What you should do:
Transcribe the entries below word for word, beginning at the line with "Small Buds GreenHouse Sherbet - Gold CBD" and stopping after the line with "Antique 1820's English"; drop all pictures.

Records supplied:
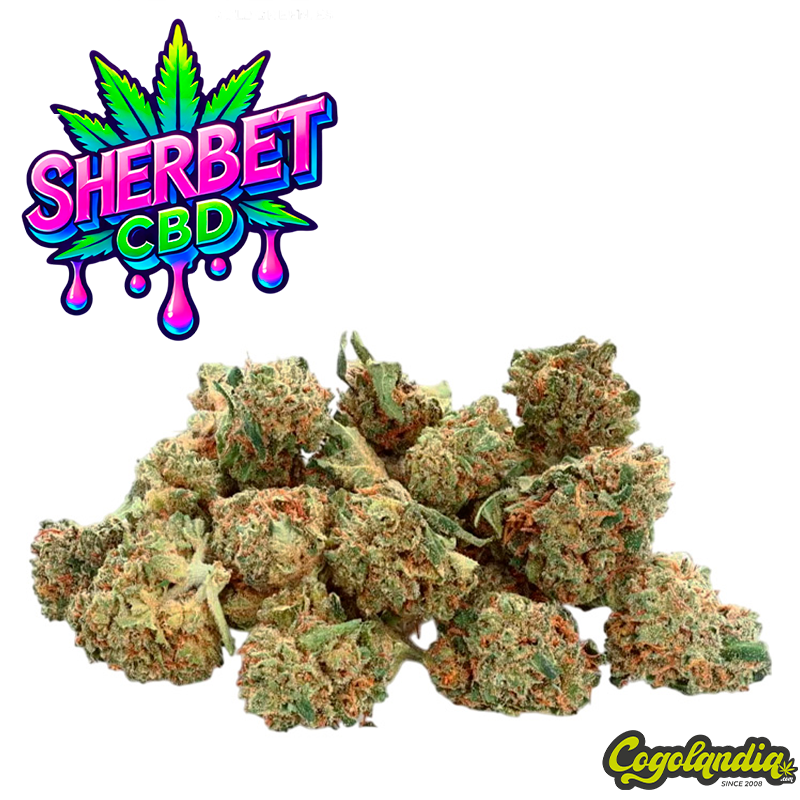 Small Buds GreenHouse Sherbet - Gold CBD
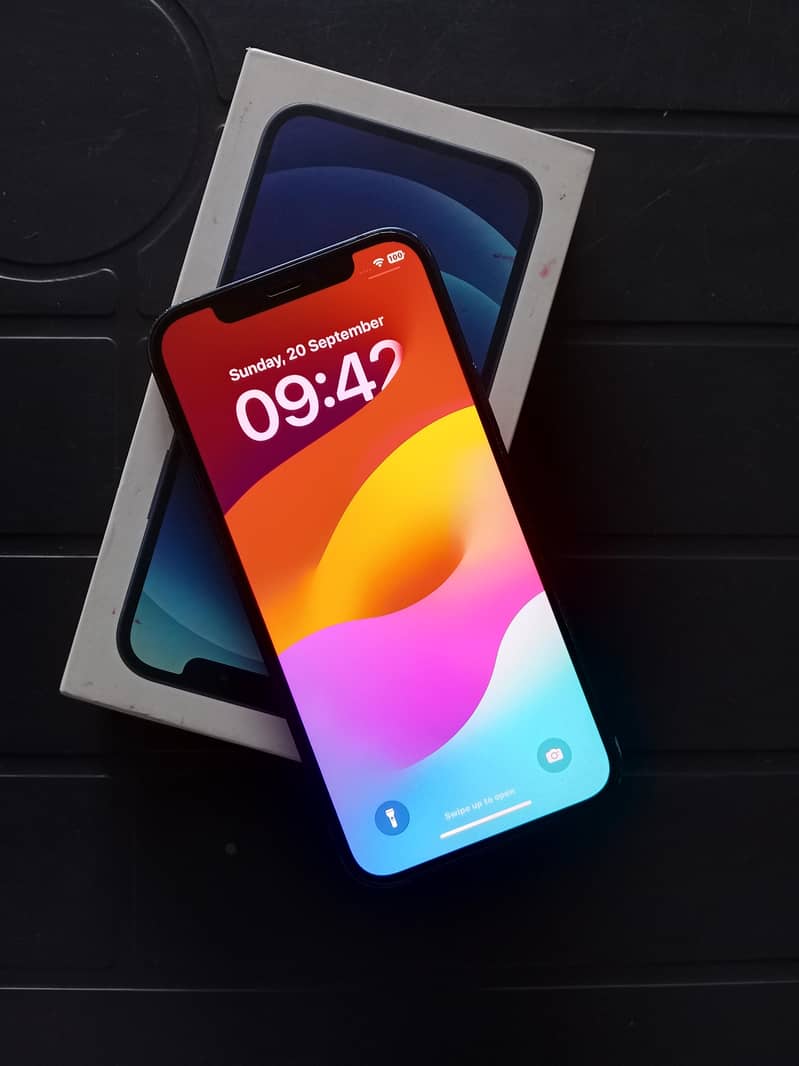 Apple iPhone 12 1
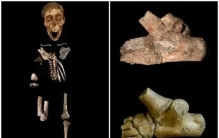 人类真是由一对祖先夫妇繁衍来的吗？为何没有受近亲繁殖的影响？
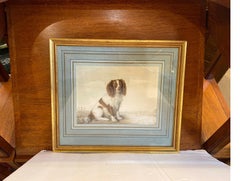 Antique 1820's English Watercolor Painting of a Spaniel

...

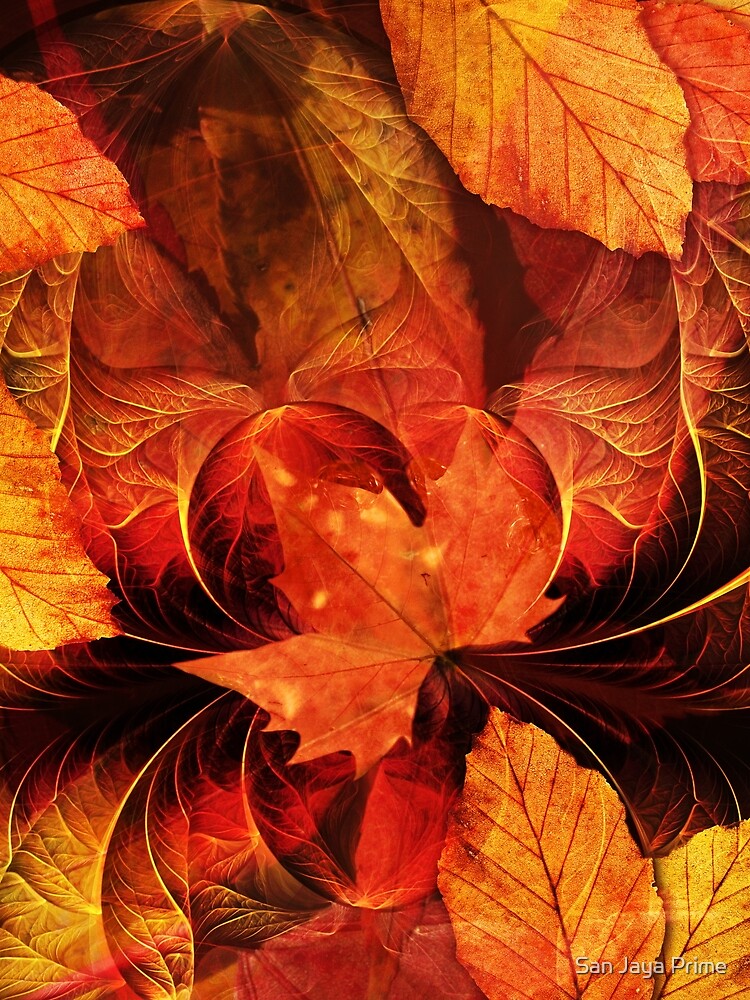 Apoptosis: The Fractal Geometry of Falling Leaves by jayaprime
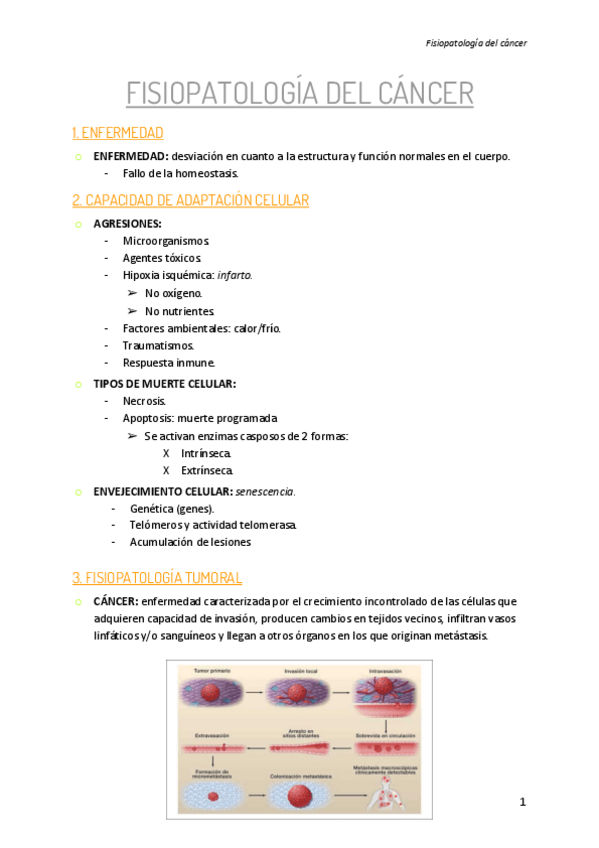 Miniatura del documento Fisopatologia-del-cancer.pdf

Final answer:
 Small Buds GreenHouse Sherbet - Gold CBD
 Apple iPhone 12 1
 人类真是由一对祖先夫妇繁衍来的吗？为何没有受近亲繁殖的影响？
 Antique 1820's English Watercolor Painting of a Spaniel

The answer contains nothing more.